Hacia adelante, la OMS predice que los costos financieros de la salud de nuestro clima cambiante se estiman entre 2 y 4 mil millones de dólares por año para 2030 y, si no cambiamos el curso, se puede esperar que el cambio climático cause aproximadamente 250.000 muertes al año entre 2030 y 2050, la mayoría de las cuales ocurrirá en el mundo en desarrollo.

Estas son cifras nefastas que cuentan la historia humana del cambio climático. Si queremos retener y construir sobre los logros conseguidos para el bienestar humano en los últimos 50 años, debemos actuar con la mayor urgencia.

Enfrentar este desafío requerirá la voluntad política de comprometer una inversión financiera sustancial en infraestructura de salud resiliente al clima; significa incorporar la mitigación, la reacción y la adaptación al cambio climático en la planificación sanitaria a largo plazo y garantizar que las políticas ambientales y económicas se centren en las necesidades de la salud.

The Elders cree que una gran parte de esta inversión debe destinarse a una Cobertura Universal de Salud (UHC, por sus siglas en inglés), ya que estamos convencidos de que proporcionar atención médica universal es uno de los impulsores más importantes del desarrollo y un medio crucial para abordar los impactos del cambio climático en la salud.

La profesión de la salud y el sistema del cuidado de la salud deben estar a la vanguardia de esta lucha. La comunidad de la salud pública debe dar un paso al frente y poner el clima a la vanguardia de su propia agenda. El tema debe estar incrustado en cada decisión de gestión, en cada reforma de política, en cada juicio médico que la profesión de la salud hace: porque no hacerlo sería socavar sus propias nobles ideas de seguridad pública, bienestar del paciente y prevención de la mala salud.

Esto significa abordar el impacto climático del sistema de salud en sí mismo, al igual que la necesidad de brindar atención centrada en el clima y planificar políticas resilientes al clima. No debemos olvidar que el sistema de salud en sí mismo es un gran contribuyente al cambio climático.

Una manera práctica de abordar simultáneamente cambio climático y salud es dejar de subvencionar productos dañinos como los combustibles fósiles y, en su lugar, redirigir parte de este dinero a la financiación de una UHC resiliente al clima. Esto sería hacerse cargo de las consecuencias para la salud del uso de los combustibles fósiles, en lugar de exacerbarlas, y es el estilo de iniciativas que se necesitan si queremos tomar en serio la realización de la salud como un derecho humano en un mundo asediado por el cambio climático.

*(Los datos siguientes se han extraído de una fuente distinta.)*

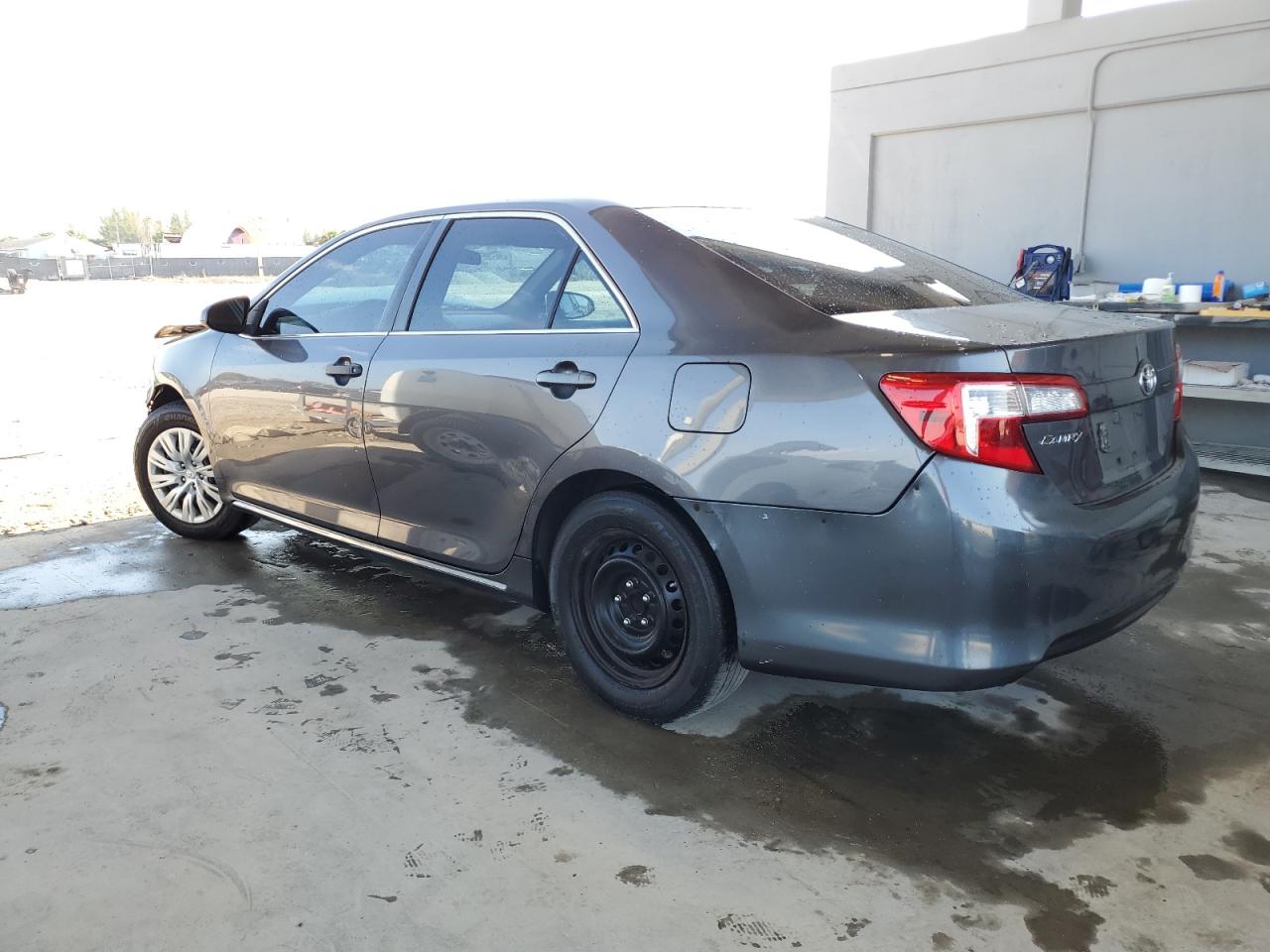 4T1BF1FK7DU657779 2013 Toyota Camry L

El posible aumento del precio de la energía para los consumidores que reducen los subsidios a los combustibles fósiles lleva a que muchos gobiernos estén preocupados por los costos políticos de implementar esta política. Temen perder popularidad y, por lo tanto, votos. Pero las rápidas reformas universales de la salud son populares en todo el mundo: suavizar la noticia del aumento de los precios a la energía redirigiendo dichos fondos hacia una cobertura de salud gratuita es una estrategia política inteligente. Además, brinda a los gobiernos la oportunidad de abordar varios de los Objetivos de Desarrollo del Milenio simultáneamente, al reducir la pobreza, mejorar la salud, luchar contra la desigualdad y combatir el cambio climático.

Nuestra salud como comunidad y como individuosdebe ser el campo de batalla de primera línea en la lucha de la humanidad contra el cambio climático. Es una lucha de la que nadie está exento y que será ganada o perdida tanto por los responsables de nuestra salud, como por los responsables de nuestro medioambiente y nuestra economía.